EOG, he said, began applying its savvy horizontal drilling techniques to some of the company’s leasehold in noncore formations and discovered something interesting. Outside of the Barnett core, generally considered to be the Fort Worth Basin, horizontal drilling, which begins vertically and then bends parallel to the surface, parlayed into more gas reserves. So sure was EOG’s management team about the bonus from the horizontals, it added 103,000 more acres about 55 miles south of the core holdings in Johnson County.
The new Hill, McLennan and Bosque county acreage, in the “heart” of Texas, has extended EOG’s total Barnett leasehold to more than 600,000 acres. Already, said Papa, the Hill County wells are producing “substantially” more gas when compared with the Johnson County wells.
“EOG’s previous net reserve potential in the Barnett Shale was 3,000 to 4,700 Bcfe,” said Papa. “We’ve increased our estimate by 1,500 to 2,000 Bcfe…and our current estimate is now 4,500 to 6,700 Bcfe.”

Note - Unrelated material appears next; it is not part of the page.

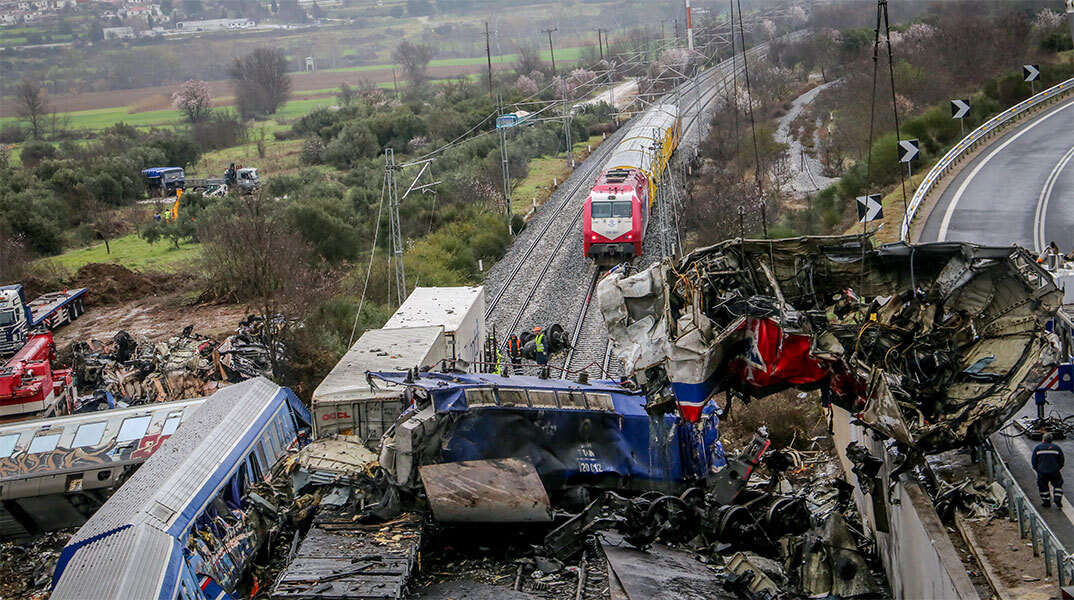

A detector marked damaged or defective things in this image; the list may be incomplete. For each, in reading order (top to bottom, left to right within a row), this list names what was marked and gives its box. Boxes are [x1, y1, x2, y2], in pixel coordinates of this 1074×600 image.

Several things are driving EOG’s increased Barnett production expectations: Johnson County downspacing added 500-700 Bcfe net; discoveries in Hill County and additional acreage in its “southern extension” counties added another 800-1,300 Bcfe net; and increased acreage in its “western extension” counties added 200 Bcfe net. By the end of this year, Papa said, EOG’s estimated year-end exit rate in the Barnett will be around 200 MMcfe/d. A year from now, EOG estimates its Barnett output will be around 280 MMcfe/d.
“We have a step change in service agreements that we’ve secured in 2007,” he said. EOG’s new drilling rigs sport new technology, making them “significantly faster and cheaper.” It also has fractionation agreements in place to reduce costs and increase the number of wells completed. “We are applying new technology, with improved well design and cost optimization in all phases of our drilling, completion and production operations…which continues to improve our well performance and reduce costs.”
Canaccord Adams energy analyst Irene Haas, who has covered the Houston-based producer for several years, said EOG always backs up its claims with substantial data.
“This is pretty solid news,” Haas told NGI last week. “They are doing something right. EOG has excellent 3-D [seismic] data. They understand the rock properties, and they have a whole lot more data than people think.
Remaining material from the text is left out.